My events reminder says that today happens to be International Drive Your Studebaker Day. Normally, I ignore reminders like this because they’re irrelevant to most people. In fact, I was about to ignore the commemoration because I don’t have, nor ever have owned a Studebaker. However, nostalgia about the car brand soon kicked in.
The Studebaker Company was an independent automobile manufacturing company that built sturdy vehicles from 1852 until 1967. The Studebaker brothers started out building wagons for farmers and industry, then branched into automobiles after cars became economically viable products. Their vehicles were rather plain, sturdy things, but sometimes the company built more interesting models. I won’t go into the company history here, but if you want more information, there is a comprehensive Studebaker article on Wikipedia you can check out.

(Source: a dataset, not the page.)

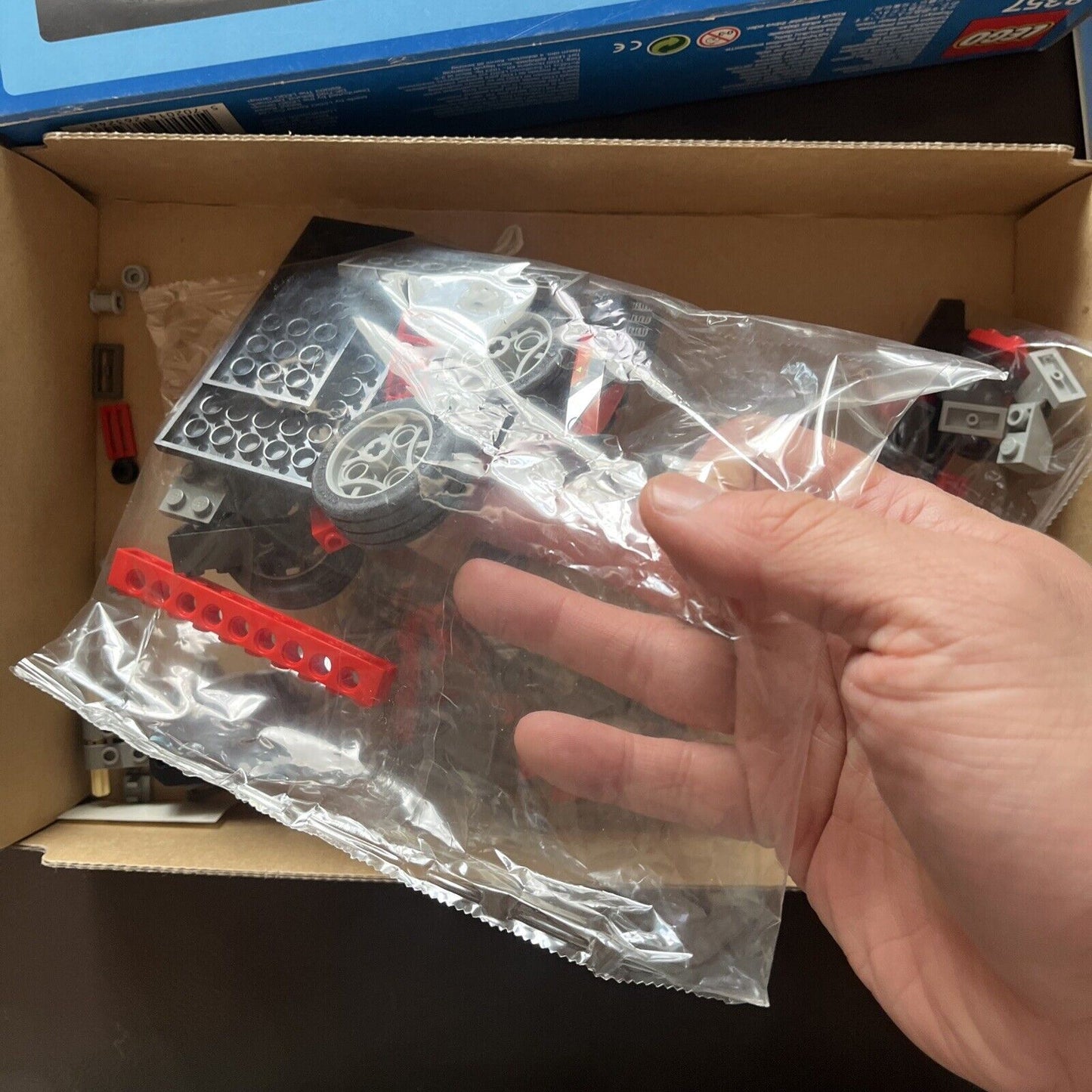 Lego Racers 8357 Zonic Strike *missing pieces uncounted*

Even though nobody in my immediate family owned a Studebaker, some of the cars figured into my early years. The reminder about Drive Your Studebaker Day triggered some fond memories of the brand.
One of dad’s cousins owned a 1951 Studebaker Commander four door sedan. The faded green car was arguably the ugliest vehicle wherever it went with the exception of My uncle Lester’s Nash Ambassador. The one design element that I liked about the Commander was the bullet shaped “nose cone” at the very center of the car’s front-end. It’s a design feature that still fascinates me. If I was skilled at auto-body work, I’d buy an old Studebaker nose cone and incorporate it into the front of my Camry.
Anyway, the old faded Commander was a common sight at family reunions and get-togethers. I rode in it a few times, but the memories of doing so are unremarkable and dim.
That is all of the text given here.